It’s been over a month since I finished reading Elizabeth Jolley’s The Sugar Mother, and I’m still not sure what I think about it.
The story itself is unsettling. Edwin is a past-middle-aged university professor, his wife Cecilia a renowned midwife. When she gets a job in Canada and the UK for a year, Edwin remains at their home in Australia, teaching his classes and being overseen by their mutual friend. While Cecilia is away, Edwin’s next-door neighbours, a mother and daughter, insinuate themselves first into his house, and then into his life, finally convincing him to have a baby with the daughter.
I felt incredibly bad for Cecilia – it was clear, even though the story was told from Edwin’s point of view, that the couple had decided not to have children mutually, and I felt that his agreement to father a child with the young woman was flaunting that decision in her face. But by the end of the novel I also felt bad for Edwin, as doubts start to creep up on him as to whether or not he is in fact the father of the child.
I found the character of Edwin fascinating – his constant referrals to quotes and lectures, his three diaries – the external, the internal and the intangible – and his relationships with the women around him. For he is surrounded by women throughout the novel. First there’s Cecilia, and her friend Vorwickl, then his neighbours who move in, then the friend who’s keeping an eye on him, then the friends who Cecilia has consigned to throw him dinner parties every month. Granted two of them are men, but their almost charming loyalty to their former regiments in the British army (the friends are all British expats) still leaves the un-nationalistic Edwin on the edge.
I’ve read often that Jolley’s work explores loneliness, but reading The Sugar Mother I didn’t get that sense – I was far too far into Edwin’s mind.
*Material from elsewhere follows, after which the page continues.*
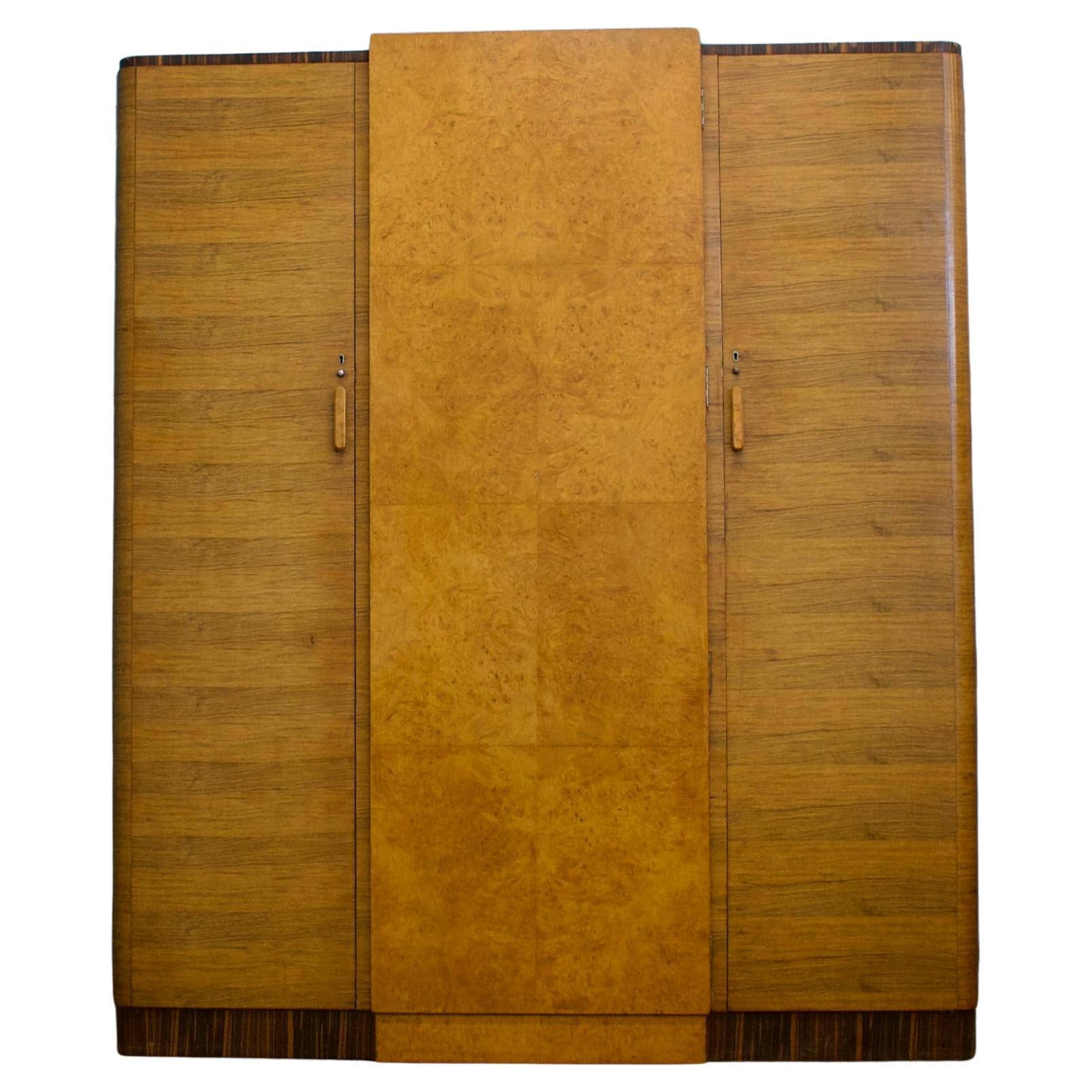 Vintage Art Deco Burr Walnut & Birch Wardrobe, 1930s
But writing this review now it becomes painfully obvious that despite the extenuating circumstances of his rather horrid neighbours, Edwin is in fact struggling to deal with Cecilia’s long absence – hardly unusual after 30 long, if open, years of marriage.
Edwin was manipulated rather masterfully by his neighbours, and I did feel bad for him, doddery old fool that he ended up looking. But I still can’t forgive what he did to Cecilia.
I loved some of the descriptions – the pine plantation is so vivid, as are Edwin’s rosebushes. The scene where Lila gets lost in the pines still sticks in my mind, and all I can see is the darkness, smell the pine, feel the wintry cold. Jolley is often seen as a quintessentially Australian writer, and the pines and the cold certainly gel with my Australia, but at the same time this tiny half-block of suburbia could be anywhere in the world, and I love that about the novel too.